Democratic Republic of the Congo: Two editors face death penalty for criticizing Kabila

August 30, 2000

His Excellency Laurent-Dèsirè Kabila
President of the Democratic Republic of Congo
Ngaliema, Kinshasa
Democratic Republic of Congo

Fax: 011-234-88-02120/ 1-202-234-2609

Your Excellency,

The Committee to Protect Journalists (CPJ) is alarmed at your government’s ongoing persecution of two Kinshasa weekly newspaper editors: Emile-Aimè Kakekese Vinalu of Le Carrousel, and Jean-Pierre Ekanga Mukuna of La Tribune de la Nation. Both journalists have been charged with high treason and face the death penalty if convicted, according to CPJ sources.

The prosecution arose from two articles that Vinalu published in the June 20 edition of Le Carrousel. One article lamented the lack of cooperation among various DRC opposition movements and charged that free speech was impossible in the DRC because “to dare speak one’s mind is a sure guarantee that one will be accused of endangering state security.” The other piece speculated on possible reasons behind a recent public confrontation between Your Excellency and Minister for Mineral Resources Victor M’Poyo (who was subsequently removed from his post).

Police arrested Vinalu on June 24. On July 26, the military prosecutor, Lieutenant-Colonel Charles Alamba Mungako, told local reporters that Vinalu’s articles had had the effect of “demoralizing the Army,” describing them as “veiled calls to opposition leaders and sympathizers to rebel against the powers that be.” The military prosecutor further announced that Vinalu would be tried in a court martial because his alleged offenses amounted to “high treason,” an offense punishable by death.

Mukuna, meanwhile, had been arrested on July 23, reportedly for refusing to reveal Vinalu’s home address. Mukuna was released on July 10, but then re-arrested on August 17, when he appeared in court to testify on Vinalu’s behalf. He was also charged with high treason and jailed at Kinshasa’s Penitentiary and Reeducation Centre, where he remained as of today.

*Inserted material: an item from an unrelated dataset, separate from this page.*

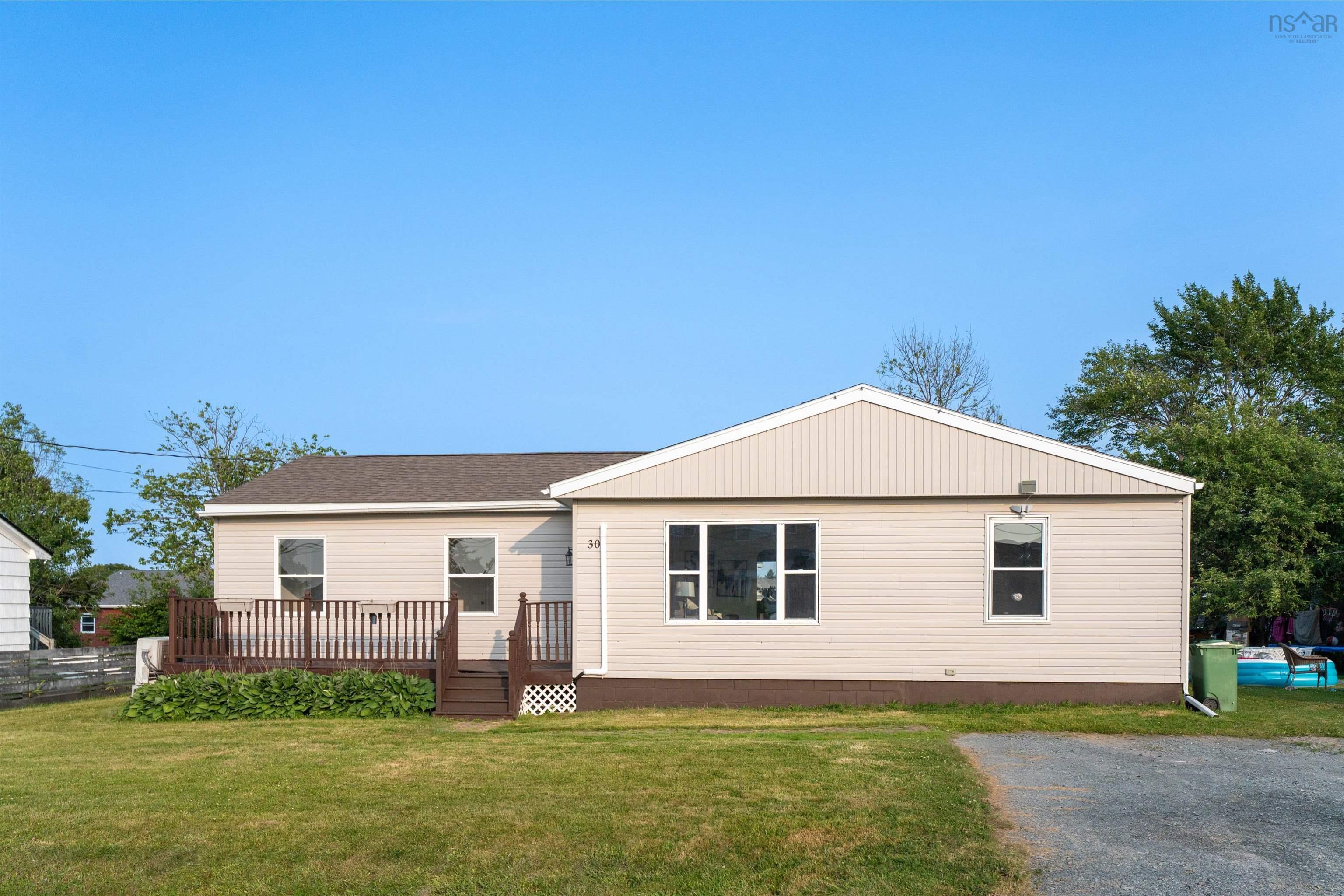30 WOODCREST AVE, HALIFAX, NS Photo 1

Another journalist, editor Richard Nsamba Olangi of Le Messager Africain, was arrested on August 15 when he arrived in court to testify on behalf of Vinalu. He was detained for two weeks without charge and then released, reportedly on bail.

Defense lawyer Katako Okende, meanwhile, has been jailed for alleged complicity with Vinalu and Mukuna. Okende, who is married to the minister of transportation and communications, has also been charged with “betrayal of the state in times of war” for possession of allegedly anti-government newspapers. He too faces the death penalty if convicted.

Your government currently has the worst press freedom record of any country in Africa. According to our research, more than 130 journalists and media workers have been harassed, beaten, arbitrarily imprisoned, or forced into exile since Your Excellency seized power in May, 1997. Several newspapers have been banned or seized at newsstands, private radio and television stations have been forcibly “nationalized,” while police raids on newsrooms, printing facilities, and the private homes of journalists are regular occurrences.
We need hardly remind Your Excellency that such activities are incompatible with Article 19 of the Universal Declaration of Human Rights, which states that everyone “has the right to the freedom of opinion and expression; this right includes freedom to hold opinions without interference and to seek, receive and impart information and ideas through any media and regardless of frontiers.”

As the United Nations and other parties to the Congolese peace negotiations strive to secure a long-lasting truce among the warring factions, it is more important than ever to ensure that the people of the DRC have access to independent coverage of events in their country. We therefore urge you to ensure the immediate and unconditional release of Emile-Aimè Kakekese Vinalu, Jean-Pierre Ekanga Mukuna, and all other individuals currently detained in connection with this case.

We await your comments on these urgent matters.